Termite Inspection

Wood Destroying Insect Report (W.D.I )

 Buying or selling a home can be a monumental task and termite control is  always a part of the process. You may need a WDI or Wood Destroying  Insect Report. We are a professional licensed termite and pest control  company and have been doing termite work since 2000. If you're buying or  selling, let us worry about termite control for your property. 

About the WDI Inspection

 A wood destroying insect report, or WDI, discloses the visually detected  presence or absence of wood destroying insects and evidence of their  existence in homes, buildings, or other structures. After performing the  required inspection, our inspector completes the WDI on a document  issued by the Texas Department Of Agriculture  called Form SPCS/T-4. All reports giving the same day. The report will have a graph of the home and other structures that was inspected. The report documents information pertaining to wood destroying insects  that include termites, carpenter ants, carpenter bees, and re-infesting  wood boring beetles. If the inspector finds visible indications of such  wood destroying insects, the report will note the type of evidence  observed.  The report will further state whether or not treatment is recommended for the control of specified wood destroying insects. 

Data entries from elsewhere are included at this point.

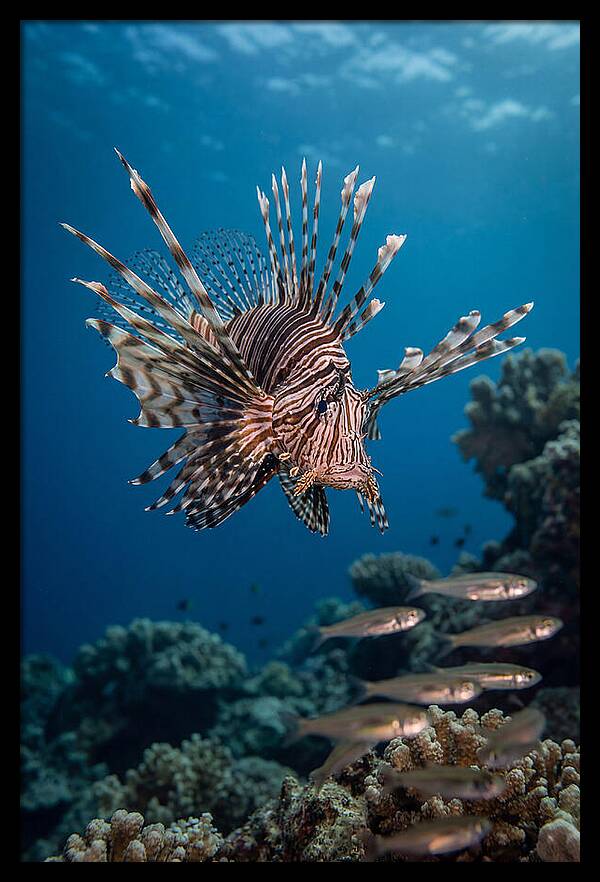 Lionfish Hunting Underwater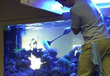 Aquarium Maintenance Plans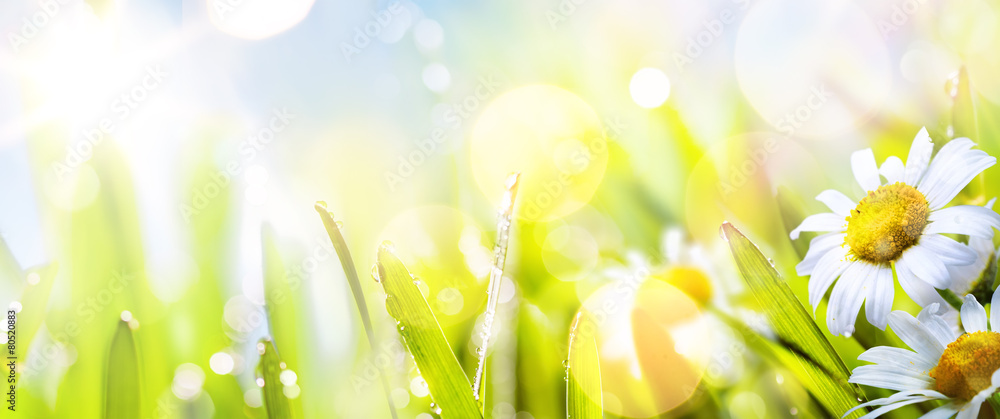 art abstract sunny  springr flower background - obrazy, fototapety, plakaty 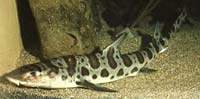 Leopard shark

How is WDI inspection performed ?

An inspector will conduct a  thorough visual examination of the readily accessible parts of the  structure. This includes attics or crawlspaces with sufficient room for  clearance that can be entered at the time of the inspection. Areas that  require breaking, removing, or dismantling parts of the structure such  as wall coverings or siding are omitted from the inspection.  Inaccessible areas are noted in the report. The inspection for the  report includes probing and/or sounding of accessible areas to search  for visual evidence of wood destroying insects. The evidence sought for  the report includes indications of present or prior activity of  wood-destroying insects visible in, on, or under a structure.  Permanently attached structural elements such as decks and porches are  generally evaluated in the inspection.